Because if it takes more than one click to enter a resume, chances are the next click is going to be your candidates moving on from your application process.
Push It Real Good.
One of the best parts about the ubiquity of mobile devices is that, since we’re constantly connected, they offer an ideal way to not only pull candidates in via streamlined applications, but also to push out information about available jobs as well as applicant status updates, in real time, all the time.
While most “talent community” updates are sent in the form of e-mail notifications, SMS notifications can dramatically improve open and click through rates for these candidate communications.
A recent survey from Experian found that while the average e-mail open rate is around 9%, with the average time to open as long as 17 hours (which means they’re a whole lot quicker in getting to their inbox than many of us), the average open rate for an SMS notification is 96%, with an average response time of 4.2 minutes.
You don’t have to be a data scientist to realize that when it comes to pulling in candidates, push notifications are a far more effective solution than standard e-mail alerts.
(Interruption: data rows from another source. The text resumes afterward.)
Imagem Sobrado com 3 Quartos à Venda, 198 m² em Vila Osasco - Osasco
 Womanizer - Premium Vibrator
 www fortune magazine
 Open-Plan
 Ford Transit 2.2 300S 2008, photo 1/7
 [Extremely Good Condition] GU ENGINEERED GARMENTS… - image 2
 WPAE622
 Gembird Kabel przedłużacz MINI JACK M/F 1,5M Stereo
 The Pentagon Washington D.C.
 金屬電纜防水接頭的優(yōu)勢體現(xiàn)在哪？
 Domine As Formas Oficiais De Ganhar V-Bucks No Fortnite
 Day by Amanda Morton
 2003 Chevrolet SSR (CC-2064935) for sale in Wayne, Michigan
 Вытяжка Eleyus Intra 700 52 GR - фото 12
If your ATS or workflows aren’t yet fully mobile enabled, consider using an integration with social media apps or other professional networks, such as the “Apply with LinkedIn,” “Apply with Indeed” or Facebook Connect features, which generally can be configured for any application instance with minimal work and technical know how.
These aren’t the ideal long term solution, but with 43% of active candidates and 21% of passive candidates reporting to uploading their resumes to job applications via mobile devices, this often free and relatively painless workaround is a no brainer when considering the steep opportunity costs associated with doing nothing – or waiting for your vendor “roadmap” to finally figure out a solution for a fairly simple problem that’s quite easily fixed.
Mobile for recruiting, obviously, solves a ton of issues inherent to the talent attraction and application process, but like everything else in recruitment, there’s no silver bullet when it comes to mobile – and before moving forward, there are a few issues you should be aware of.
One obvious example is that while advertising an open position via social media can help enable easy mobile workarounds and visibility to your job ad, it also eliminates any discretion your organization might have about an impending personnel chance or selectively target candidates instead of simply posting and praying, as it were.
Similarly, if the position you’re looking to fill has had a high rate of turnover or has been posted previously over the past few months, the instant automated notification capabilities of mobile – particularly when sent to the same group or talent network – can raise a red flag about either the position in question or your larger organization’s talent challenges.
No one wants professional sloppy seconds, after all, and these are far harder to hide on mobile than desktop, if only due to the highly improved open and response rates generated by these devices.
In these cases, consider choosing a more traditional talent acquisition strategy requiring direct sourcing – or targeted communications – as a more subtle, and more effective, mechanism for recruiting the right talent.
Furthermore, most mobile devices have different security and privacy considerations and capabilities than desktop instances, meaning that you’re going to have to do some due diligence to ensure these mobile recruiting experiences are not only compliant, but that your candidate data is as safe and secure as if they were applying from their PCs.
All that said, however, these considerations are small potatoes when it comes to the huge possibilities inherent in mobile recruiting – and if you still need a business case built for why you should be considering mobile, well, you’ve clearly not been paying attention (or work for Taleo).